Haitian monarchs

 Henry I

King Henry constructed magnificent monuments, reformed the government, the civil administration and the army. He established a navy, founded a system of public instruction and several learned societies, opened diplomatic relations with foreign governments, and corresponded with societies and institutions in Europe. By all accounts, a successful, learned and enlightened ruler. He was a lifelong admirer of King George III and modelled his court on the Court of St James. At his Coronation he founded Haiti’s first Order of Chivalry and a peerage, creating Princes, Dukes, Counts, Barons and Chevaliers. Some of these titles, such as the Duke of Marmalade and Count of Limonade, caused ridicule within certain quarters in Europe and America. However, these were territorial designations based on actual place names in Haiti. No more or, no less reason for merriment than a Prince of Orange or a Duke of Bouillon.

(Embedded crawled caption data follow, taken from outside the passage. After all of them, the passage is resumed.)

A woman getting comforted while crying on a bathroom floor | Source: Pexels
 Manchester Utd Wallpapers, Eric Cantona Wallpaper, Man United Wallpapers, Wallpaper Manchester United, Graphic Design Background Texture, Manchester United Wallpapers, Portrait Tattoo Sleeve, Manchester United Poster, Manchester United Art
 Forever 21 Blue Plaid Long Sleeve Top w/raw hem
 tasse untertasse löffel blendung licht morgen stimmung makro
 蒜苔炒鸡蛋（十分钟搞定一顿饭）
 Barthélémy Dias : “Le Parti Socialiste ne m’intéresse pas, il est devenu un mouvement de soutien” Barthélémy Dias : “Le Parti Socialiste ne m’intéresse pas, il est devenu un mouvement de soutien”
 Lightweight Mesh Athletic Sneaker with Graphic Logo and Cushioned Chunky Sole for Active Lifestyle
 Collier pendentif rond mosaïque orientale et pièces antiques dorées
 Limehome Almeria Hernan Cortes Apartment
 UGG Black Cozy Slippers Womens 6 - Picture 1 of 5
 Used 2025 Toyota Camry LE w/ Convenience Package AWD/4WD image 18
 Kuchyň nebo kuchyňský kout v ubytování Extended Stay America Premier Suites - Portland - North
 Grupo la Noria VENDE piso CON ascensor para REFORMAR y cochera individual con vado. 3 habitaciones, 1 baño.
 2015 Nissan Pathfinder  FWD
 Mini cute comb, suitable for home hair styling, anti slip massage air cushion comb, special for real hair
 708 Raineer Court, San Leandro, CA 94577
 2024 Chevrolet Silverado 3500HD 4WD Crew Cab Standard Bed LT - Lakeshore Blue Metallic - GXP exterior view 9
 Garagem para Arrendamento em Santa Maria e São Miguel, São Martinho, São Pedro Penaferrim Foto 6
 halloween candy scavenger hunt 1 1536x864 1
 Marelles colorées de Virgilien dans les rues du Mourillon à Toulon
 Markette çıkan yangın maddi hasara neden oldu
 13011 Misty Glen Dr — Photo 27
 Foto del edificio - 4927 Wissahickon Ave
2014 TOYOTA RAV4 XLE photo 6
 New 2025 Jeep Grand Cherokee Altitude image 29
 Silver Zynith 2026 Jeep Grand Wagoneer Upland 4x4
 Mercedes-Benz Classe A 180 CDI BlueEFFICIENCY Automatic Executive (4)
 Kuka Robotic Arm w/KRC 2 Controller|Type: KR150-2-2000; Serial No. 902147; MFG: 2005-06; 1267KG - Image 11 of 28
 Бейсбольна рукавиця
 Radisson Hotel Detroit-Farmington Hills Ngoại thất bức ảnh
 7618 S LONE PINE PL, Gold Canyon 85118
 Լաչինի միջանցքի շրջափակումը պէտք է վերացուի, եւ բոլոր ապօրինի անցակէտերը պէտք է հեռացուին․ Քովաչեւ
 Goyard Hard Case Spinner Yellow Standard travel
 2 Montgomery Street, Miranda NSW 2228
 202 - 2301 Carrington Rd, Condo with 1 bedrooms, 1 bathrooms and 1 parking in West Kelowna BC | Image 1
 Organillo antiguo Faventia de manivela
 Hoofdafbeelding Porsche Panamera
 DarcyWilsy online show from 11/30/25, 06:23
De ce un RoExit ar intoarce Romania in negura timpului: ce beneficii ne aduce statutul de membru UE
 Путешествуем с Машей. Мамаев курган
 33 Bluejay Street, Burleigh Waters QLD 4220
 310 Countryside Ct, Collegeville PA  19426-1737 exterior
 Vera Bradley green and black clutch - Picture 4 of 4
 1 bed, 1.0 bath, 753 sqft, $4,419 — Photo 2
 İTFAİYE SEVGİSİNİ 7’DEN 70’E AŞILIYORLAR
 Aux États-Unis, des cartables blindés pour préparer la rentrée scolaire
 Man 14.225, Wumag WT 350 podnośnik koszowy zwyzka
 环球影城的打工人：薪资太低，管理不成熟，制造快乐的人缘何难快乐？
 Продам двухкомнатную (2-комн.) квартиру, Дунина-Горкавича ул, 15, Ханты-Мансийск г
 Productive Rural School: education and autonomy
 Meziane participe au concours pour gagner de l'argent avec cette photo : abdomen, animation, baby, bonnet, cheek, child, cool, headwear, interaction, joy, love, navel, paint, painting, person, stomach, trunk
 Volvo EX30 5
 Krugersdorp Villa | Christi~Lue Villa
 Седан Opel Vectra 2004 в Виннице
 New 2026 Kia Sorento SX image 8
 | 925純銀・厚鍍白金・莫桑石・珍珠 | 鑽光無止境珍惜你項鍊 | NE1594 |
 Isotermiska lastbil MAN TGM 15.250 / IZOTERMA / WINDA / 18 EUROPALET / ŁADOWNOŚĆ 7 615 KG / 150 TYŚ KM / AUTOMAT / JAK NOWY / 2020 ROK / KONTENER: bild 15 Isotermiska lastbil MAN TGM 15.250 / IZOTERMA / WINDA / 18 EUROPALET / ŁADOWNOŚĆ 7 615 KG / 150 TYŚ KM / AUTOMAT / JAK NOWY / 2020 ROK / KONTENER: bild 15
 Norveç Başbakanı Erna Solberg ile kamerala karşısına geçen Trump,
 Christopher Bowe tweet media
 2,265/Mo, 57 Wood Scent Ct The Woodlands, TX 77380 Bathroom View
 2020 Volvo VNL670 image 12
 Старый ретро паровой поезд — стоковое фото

Faced with an army insurrection inspired by the southern mulatto republic, King Henry shot himself before the southern forces were able to take his palace. On their eventual arrival they destroyed Henry’s institutions and killed his adherents, and abolished the monarchy in an orgy of bloodshed, beastliness and cruelty. His magnificent palaces, the citadel, fortresses and public buildings were left ruin. In the years since then, earthquakes and cyclones have taken their toll, but their shells remain a proud testament to better days.